Under Hamas, Gaza is besieged - Los Angeles Times, October 29, 2007
GAZA CITY — The streets are quiet now and the electricity works most of the time. Crime is down and even weapons smuggling is at least being regulated. But four months after Hamas seized control of Gaza, the already precarious economy has been sent into a tailspin as the militant Islamic group reigns over a pariah state.
Although Hamas’ claims that its June takeover has brought peace and order to Gaza bear some credence, its four-day military rout of the Fatah faction has ushered in an abysmal new chapter for the 1.5 million people crowded into this impoverished coastal sliver.
Now more than ever, Gaza is besieged: from the outside by economic sanctions and from the inside by a continuing battle of wills between Hamas and Fatah loyalists.
“Nothing is moving. It’s never happened before,” said Omar Shaban, an economic analyst here. “The backbone of the economy is being destroyed.”
Meanwhile, the government in Gaza, led by deposed Palestinian Authority Prime Minister Ismail Haniyeh, continues to hang on through a combination of guile, force and repeated calls for steadfastness from a beleaguered population.
Fatah activists are rounded up and beaten. Members of the security forces are paid with handfuls of cash. New taxes levied to boost revenue have doubled the price of cigarettes and other items.

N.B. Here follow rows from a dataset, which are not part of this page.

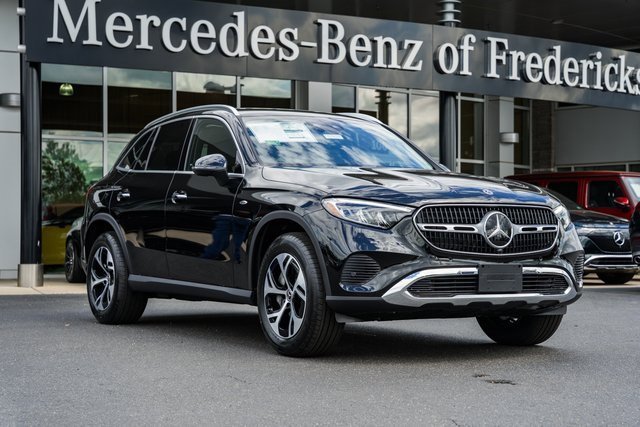 2025 Mercedes-Benz GLC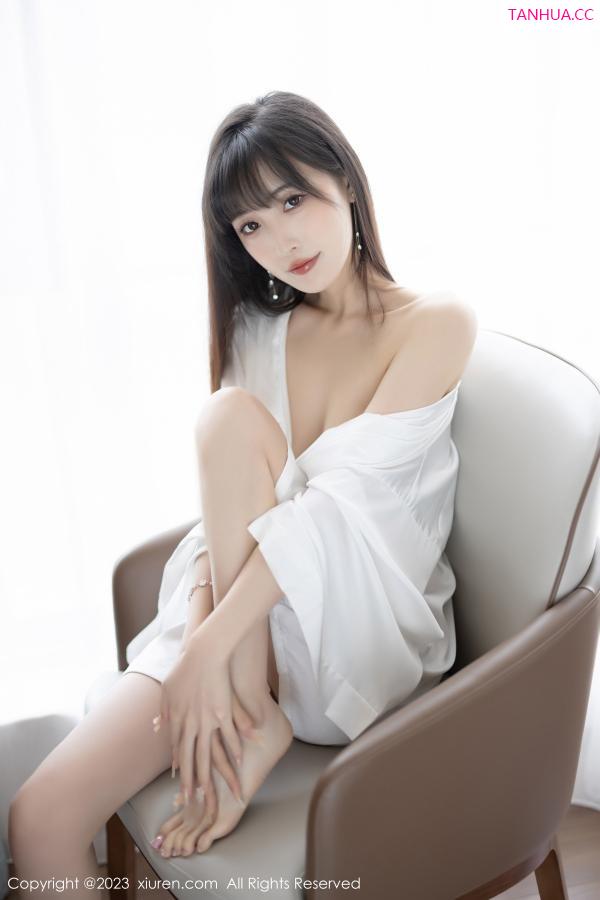 林星阑  [XiuRen]高清写真图 2023.08.28 No.7297 林星阑 长裙美腿第42张图片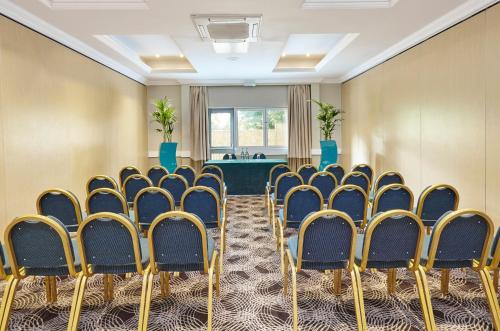 Holiday Inn Cardiff North M4 Jct 32 by IHG photo 46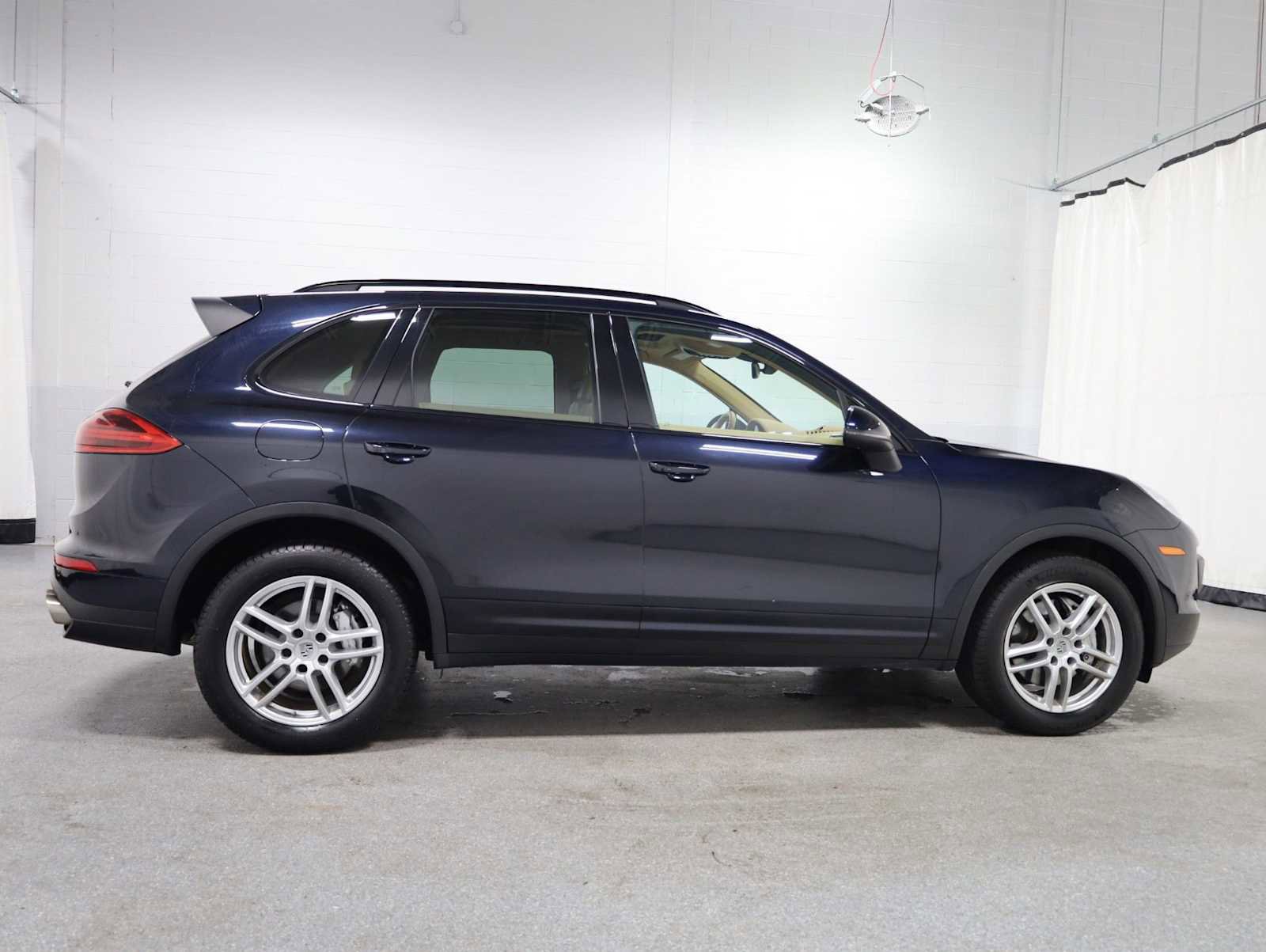 Used 2015 Porsche Cayenne S AWD/4WD image 10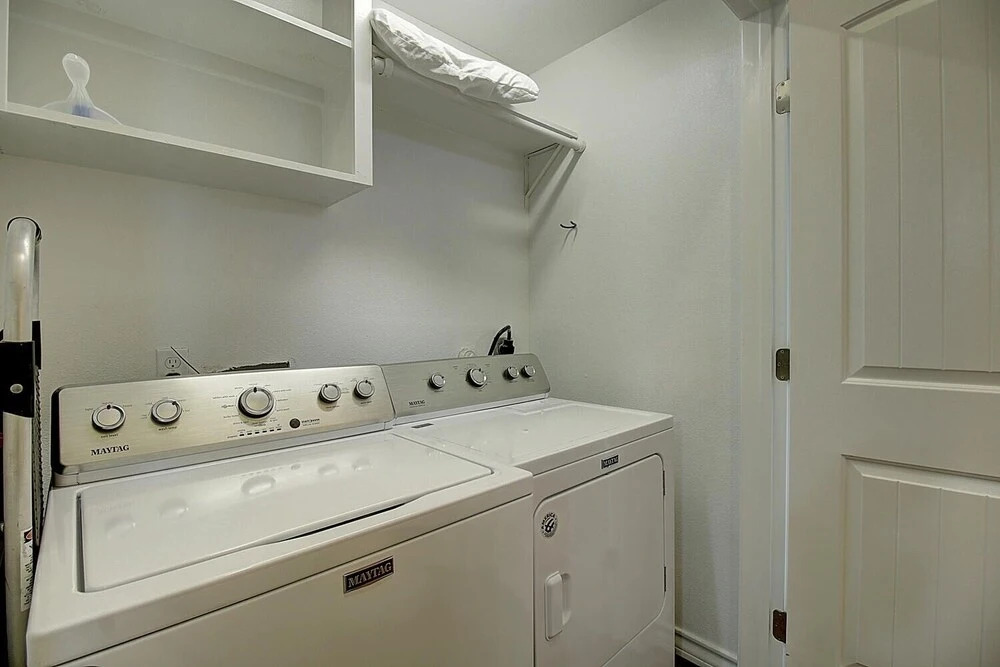 Blue Pelican 3 Bedroom Townhouse by Redawning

In response to the Hamas victory, Israel sealed Gaza’s borders in an attempt to strangle an organization that still calls for the Jewish state’s destruction. The international community has largely gone along with the closure. Only Israeli commercial goods and limited humanitarian shipments are allowed in. On Sunday, Israel reduced fuel shipments into Gaza. Nothing is allowed out, leaving merchants on the brink of bankruptcy with their goods accumulating storage fees at border terminals.
In theory, the economic cordon is designed to turn the population of Gaza against the Hamas government. Polls have suggested that support for Haniyeh’s government may be slipping among Gaza residents as their suffering deepens, but Hamas officials seem serenely untroubled at the prospect.